3. ### thyristor Active Member

Dec 27, 2009
94
0
The discharge equation for a capacitor is:

Vc = V'exp(-t/RC)

where:
Vc = the voltage on the capacitor at time t
V' = the fully charged capacitor voltage
R = the resistance into which the capacitor discharges

So if t = 0 Vc = V', ie: the capacitor is fully charged.

Your circuit draws 1.5A @ 12v so it looks, in simple terms, like an 8 ohm resistance (12/1.5). Also V' = 12v and you state you have a 1F capacitor.

Therefore, if we look at the voltage on the capacitor after each second, using the formula above, we obtain:

t = 0 secs; Vc = 12v
t = 1 sec; Vc = 10.6v
t = 2 secs Vc = 9.4v
t = 3 secs; Vc = 8.3v

So after 3 seconds your circuit voltage will fall below the requisite 9v.

A better way to use the equation would be to determine the value of capacitance needed to maintain at least 9v after 5 seconds.

Rearranging the equation to solve for C, we obtain

C = -t/[R ln(Vc/V')] where "ln" is the natural logarithm

So, if we substitute R = 8 ohms, t = 5 seconds, V' = 12v and Vc = 9v, we obtain:

C = -5/[8 ln(9/12)] = 2.2 farads

Last edited: Jan 11, 2010

Sep 3, 2009
3
0
Excellent, i knew there was an equation i could use.

I have been thinking about how the current changes in all this. I know the voltage discharges at an exponential rate but what does the current do?

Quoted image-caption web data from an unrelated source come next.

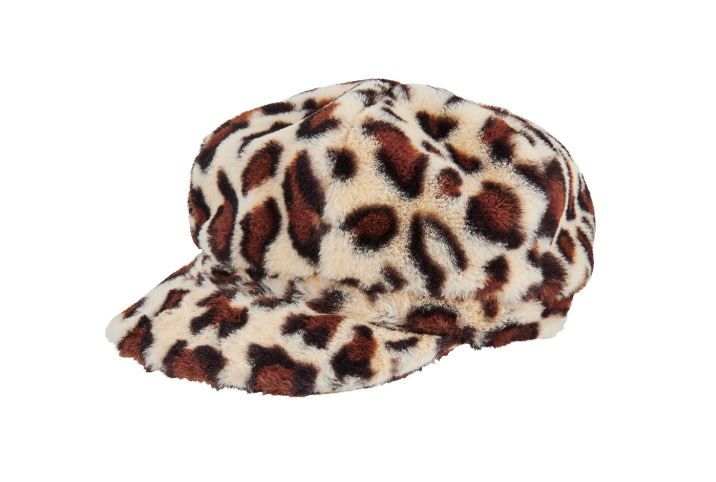 San Diego Hat Company: Women's leopard faux fur baker boy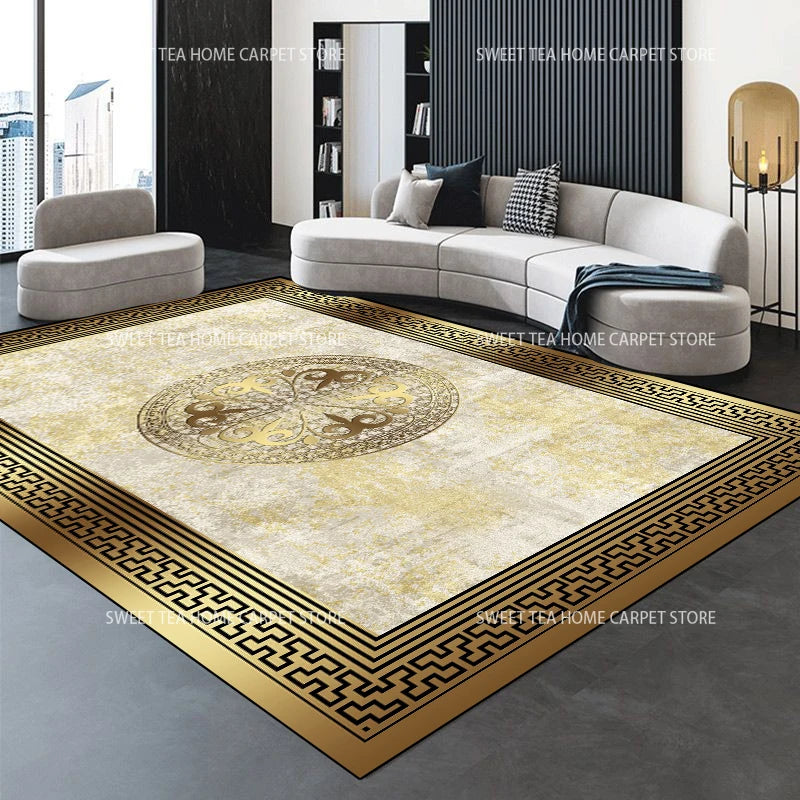 Moderner goldener Luxus-Teppich, große Wohnzimmerdekoration, Heimteppiche, rutschfeste Schlafzimmermatte, anpassbare Couchtisch-Lounge-Teppiche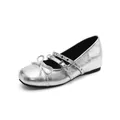 Silver Mary Jane ballet flats with bow detail and inner wedge height increase for women - 34 / Silver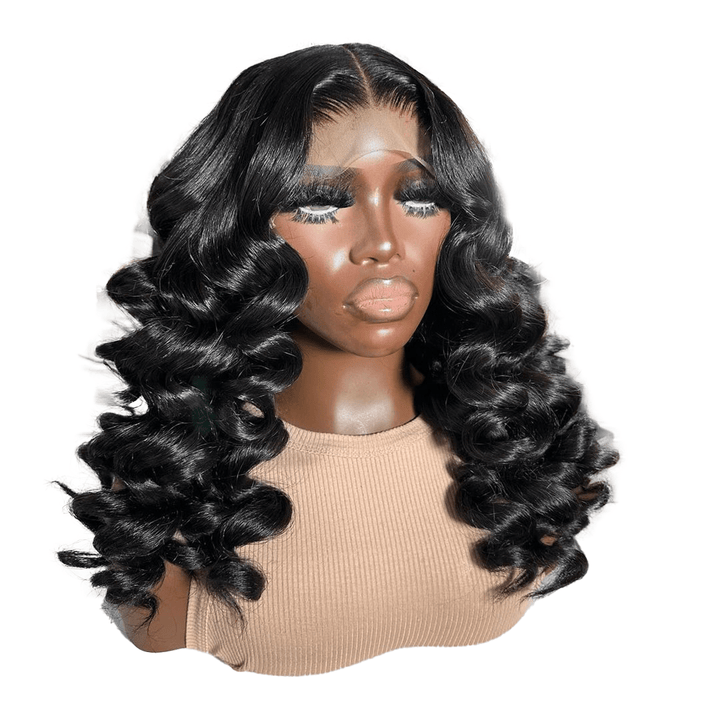 La Mode AILUXY 13x4 Lace Frontal Perruque Natural Wave Courte Noir Bob Perruque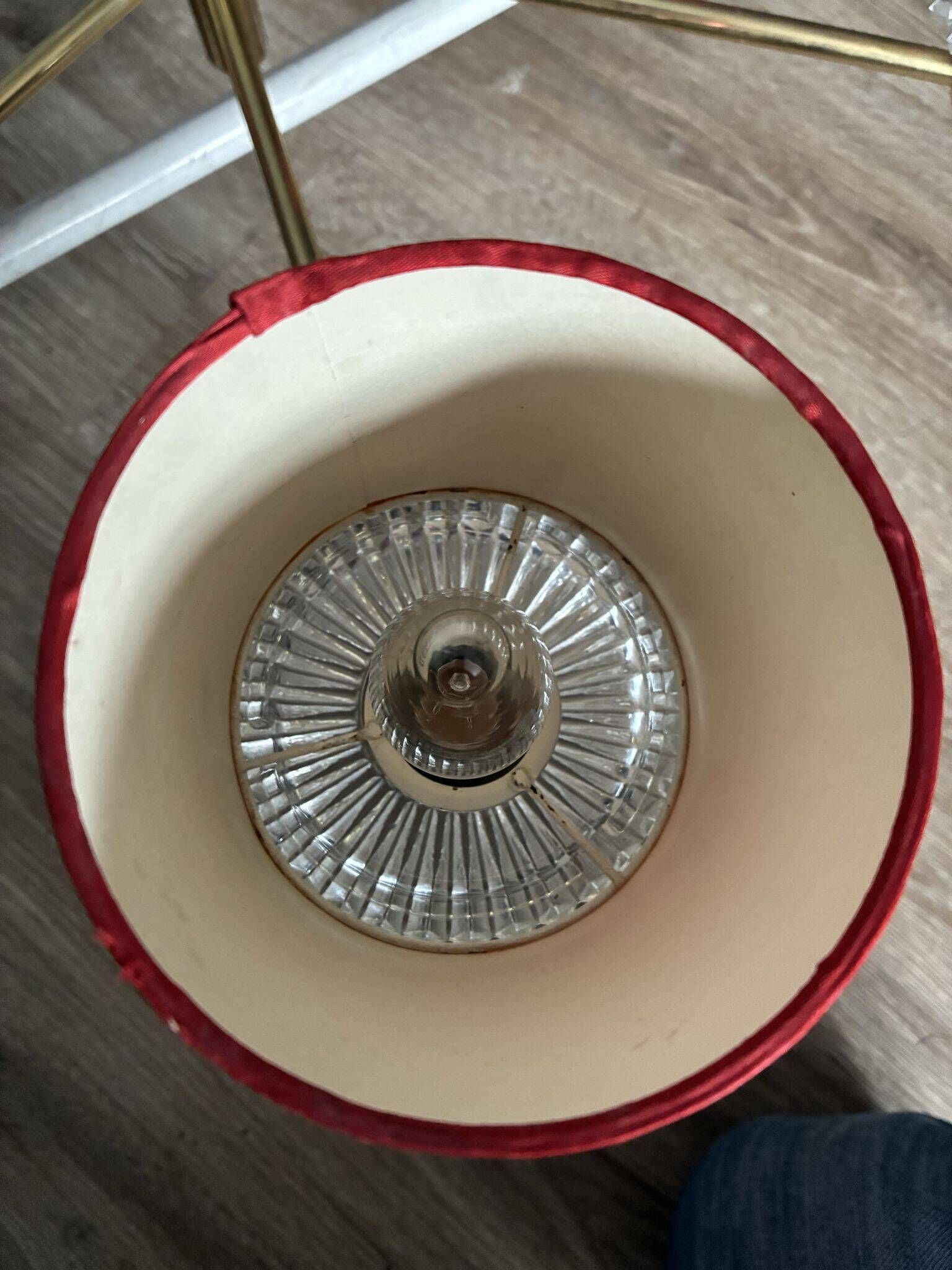 Kaiser Leuchten six-arm brass chandelier, red shades, crystal glass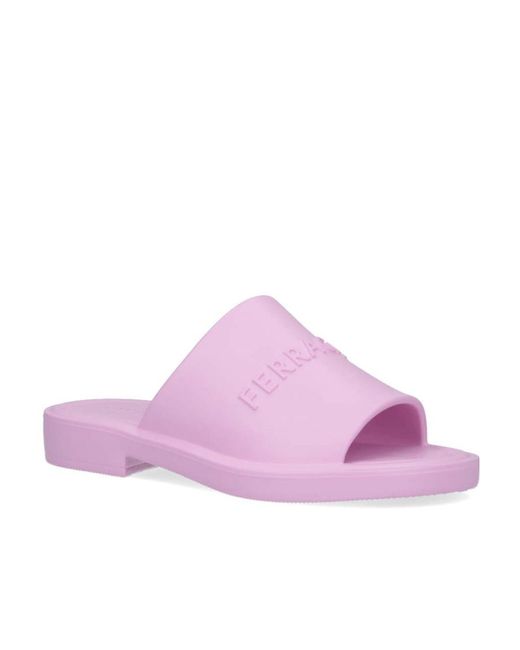 Ferragamo Purple Ferragamo Logo Embossed Slip-On Slides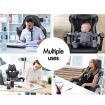 ALFORDSON Gaming Chair Office Racer Large Lumbar Cushion Footrest Seat Leather Black & Grey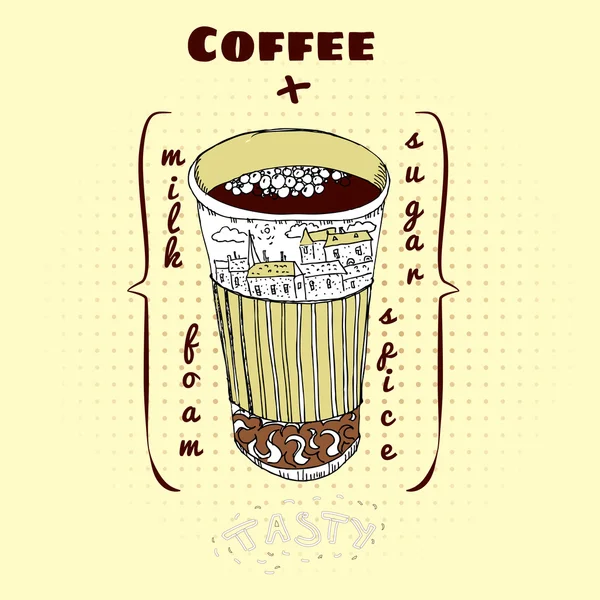 Kopp kaffe, hand-ritning — Stock vektor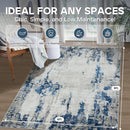 6x9 Area Rugs for Living Room Rug Washable: Modern Rug for Dining Room Bedroom Carpet Non Slip Low Pile 6 by 9 Indoor Abstract Nursery Home Office Blue White by TinyTreasures Baby Boutique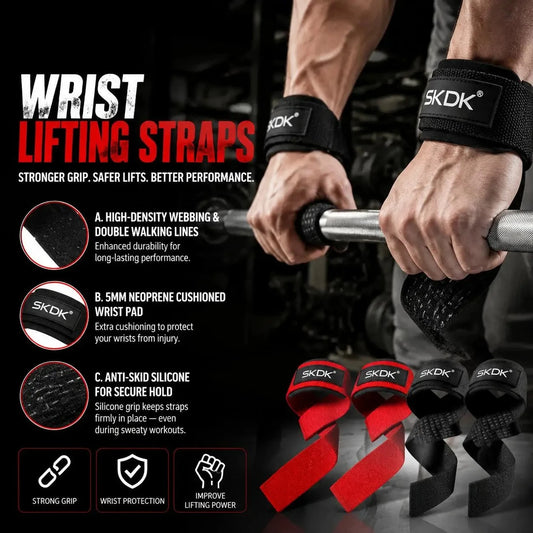 Heavy Duty Weightlifting Wrist Straps With Padded Support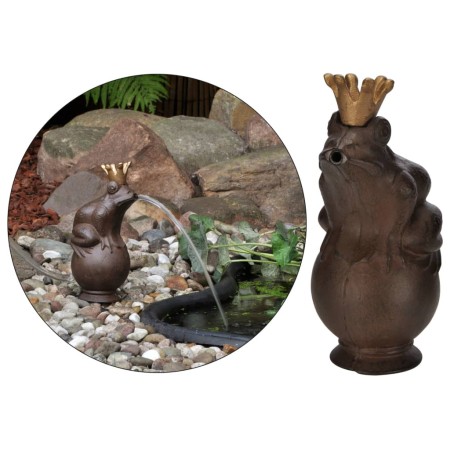 HI Fuente de metal con forma de rey rana marrón de HI, Fuentes y cascadas - Ref: Foro24-429172, Precio: 32,96 €, Descuento: %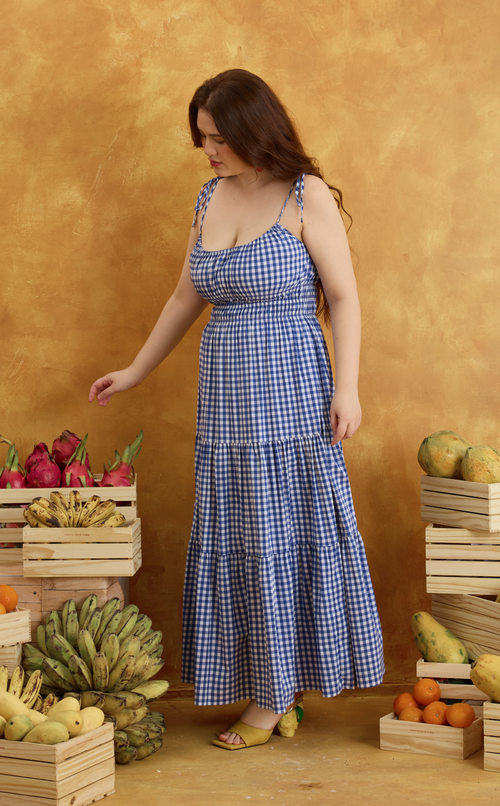 PAMELA MAXI DRESS - BLUE GINGHAM Shop.TayoStudio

My device requires a solid 1.5A continuous between 12V and 9V. If the voltage is changing and the resistance (8R) is fixed then surely the current is also changing and not continuously 1.5A.

I am confussed

5. ### thyristor Active Member

Dec 27, 2009
94
0
You are correct, the current will decrease as the capacitor's voltage drops. The equation is i = Cdv/dt

where:
i = the current
C = the capacitance (2.2F in this case)
dv/dt = change of voltage over the change of time

So, for example, the change of voltage over the first second is 0.7v. This gives us 2.2 x 0.7 / 1 = 1.5A and so on as tabulated below

@ t= 1 sec, i = 1.5A
@ t= 2 sec, i = 1.4A
@ t= 3 sec, i = 1.3A
@ t= 4 sec, i = 1.2A
@ t= 5 sec, i = 1.2A
@ t= 6 sec, i = 1.1A

6. ### nomurphy AAC Fanatic!

Aug 8, 2005
567
12
A little algebra based on the above will give you: dt = C*(dv/i)

Although it is not a constant-current circuit, by using the worst-case current load of 1.5A you will see that:

dt = 3F*(12V-9V/1.5A)
= 3*(3/1.5)
= 6.0 sec minimum

Which is more than the 5 sec. minimum you desire. The above estimate allows for circuit discrepencies and provides some fudge factor or "headroom" -- also be cognizant of capacitor tolerances.